Problem to work on >> Wherever the string "with" occurs in a line of these records, report that line.

Input data >>
>>>>
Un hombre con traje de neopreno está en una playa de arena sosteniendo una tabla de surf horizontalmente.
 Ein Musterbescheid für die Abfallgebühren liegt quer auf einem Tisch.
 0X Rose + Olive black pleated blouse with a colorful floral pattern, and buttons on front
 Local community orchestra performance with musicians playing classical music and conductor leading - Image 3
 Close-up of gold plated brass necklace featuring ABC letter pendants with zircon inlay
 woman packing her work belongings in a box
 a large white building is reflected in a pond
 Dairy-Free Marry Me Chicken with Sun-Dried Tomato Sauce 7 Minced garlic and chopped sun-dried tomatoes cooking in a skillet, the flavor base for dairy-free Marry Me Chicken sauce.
<<<<
Your solution >>
 0X Rose + Olive black pleated blouse with a colorful floral pattern, and buttons on front
 Local community orchestra performance with musicians playing classical music and conductor leading - Image 3
 Close-up of gold plated brass necklace featuring ABC letter pendants with zircon inlay
 Dairy-Free Marry Me Chicken with Sun-Dried Tomato Sauce 7 Minced garlic and chopped sun-dried tomatoes cooking in a skillet, the flavor base for dairy-free Marry Me Chicken sauce.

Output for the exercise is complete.